Anis menjelaskan masyarakat Indonesia yang majemuk dan wilayahnya yang sangat luas menyadarkan bangsa ini betapa banyak perbedaan antarmereka. Oleh karena itu menurut dia, masyarakat Indonesia mencoba mencari titik temu dari kemajemukan tersebut.
"Karena itu apa pun ideologinya dan apa pun perbedaannya, mereka mencoba mencari persamaannya dan kemudian menggabungkannya. Ini namanya harmoni, gotong royong," tegasnya.
Hal itu berbeda dari masyarakat Timur Tengah yang homogen, yakni suku Arab yang biasa hidup nomaden. Dia menjelaskan masyarakat Timur Tengah biasa menyelesaikan persoalan dengan berperang sehingg muncul istilah siapa menang dan siapa kalah.
"Ini merupakan cara berpikir kelompok Islamis, sekuler maupun militer di Mesir.
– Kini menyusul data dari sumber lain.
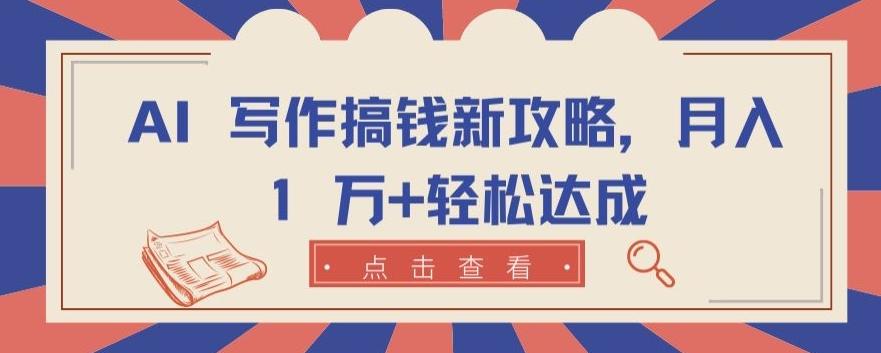 AI 写作搞钱新攻略，月入 1 万+轻松达成【揭秘】-自学网资源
Karenanya kemudian yang terjadi adalah benturan," ujarnya.
Kelompok-kelompok sekuler yang kalah dalam pemilu di Mesir, menurut Anis tidak sabar menunggu pemilu berikutnya dan menggoda militer hingga kemudian terjadi kudeta yang diramalnya tidak akan berhasil, bukan karena kelompok Ikhwanul Muslimin akan terus melakukan perlawanan, tetapi karena ketidakstabilan politik membuat ekonomi rakyat tambah sulit.
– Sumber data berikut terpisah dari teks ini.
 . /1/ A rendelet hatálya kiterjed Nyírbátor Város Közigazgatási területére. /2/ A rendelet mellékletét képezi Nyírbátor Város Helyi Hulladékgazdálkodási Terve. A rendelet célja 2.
Dalam konteks Indonesia, dinamikanya berbeda, baik kelompok sekuler, Islam maupun militer karena basis budayanya adalah gotong royong. Ketiga kelompok ini mencoba mengurangi perbedaan dan mencoba menggabung-gabungkannya.
Dia menilai saat ini sangat sulit membedakan partai Islam dari nasionalis atau kiri dan kanan, karena yang ada adalah bergerak ke tengah.
"Partai-partai nasionalis menjadi relijius dan partai agama menjadi lebih terbuka," katanya.
Oleh karena itu, Anis meyakini tidak akan pernah terjadi benturan keras ideologi di Indonesia, seperti terjadi di Mesir sekarang.
"Militer di Indonesia tidak pernah ada tradisi kudeta. Kalau mereka mau masuk ke dalam kekuasaan, mereka pensiun dan membentuk partai politik. Syarat-syarat dan tahapan demokrasi semua mereka ikuti," ujarnya.